El narcisismo de firmar las paredes

Alfonso Andrade Lago
Alfonso Andrade CRÓNICAS

A CORUÑA

CESAR QUIAN

18 ago 2018 . Actualizado a las 05:00 h.

Endurecer el castigo. Es decir, aumentar la cuantía de las multas. Quizá sea la primera idea que pasa por la cabeza de los incontables coruñeses que sufren los grafitis en sus comercios, portales, garajes o simplemente en el patrimonio público cuando se plantean cómo poner fin al caos de las pintadas en la ciudad más afectada de Galicia por este problema. Como la sanción máxima recogida por la actual ordenanza de limpieza es de 750 euros, subir las multas parece de una lógica irrefutable.

Sin embargo, tal vez no sea la única clave de este asunto. Creo que lo primero que habría que plantear sobre el vandalismo de los picassos del espray es por qué si cada ejercicio gastamos en esta ciudad miles y miles de euros públicos en regenerar unos diez mil metros cuadrados de pared, el Ayuntamiento coruñés solo abre expediente a 46 grafiteros en un año (2017). La acción del gobierno local es homeopática en una ciudad que da vergüenza verla, con elementos patrimoniales como el convento de San Francisco que estuvieron al menos un año y medio esperando a que nuestros munícipes eliminasen las firmas de sus muros y sillares.

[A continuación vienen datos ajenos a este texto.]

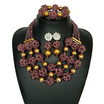 Hand Woven Dark Green African Jewelry Set Nigerian Crystal Beads Necklace Wedding Jewelry Sets For Women India Bridal Jewelry Set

Mientras no haya un interés real por resolver este problema, pocos resultados se pueden esperar. Y desde luego no lo hay cuando los pliegos de la ordenanza de limpieza que prepara el ejecutivo -aún modificables- reducen de cuatro a uno los operarios destinados a borrar grafitis.

¿Qué más se puede hacer para luchar contra esta lacra? Algunas localidades -Carballo, sin ir más lejos- han obtenido buenos resultados de la habilitación de espacios específicos para pintadas. Y parece lógico que funcione. Desde que Cornbread en Filadelfia y Taki en Nueva York empezaron a escribir sus nombres por todos los muros y vagones de esas ciudades en 1965, grafiteros de todo el mundo han hecho lo imposible por ser los primeros en estampar su firma y su estilo en cada esquina. En España, el dudoso honor de la primicia corresponde a Muelle, que empezó a pasear su rúbrica por Madrid en 1977 y dejó el metro hecho un adefesio.

Para teóricos como Francisco Reyes, profesor de Dirección de Arte y Planificación Publicitaria en Medios Audiovisuales en la Universidad Complutense, lo que subyace bajo el impulso del grafitero es ego y narcisismo, el afán por llegar antes que nadie, pero también por imponer su estilo dentro de un marco muy competitivo. Y eso, por lo visto, funciona igual cuando se les ofrece la posibilidad de cambiar el portal o el garaje por un muro autorizado. Da resultado. Las experiencias previas invitan al optimismo, pero antes, claro, hace falta ponerse manos a la obra… desde la política.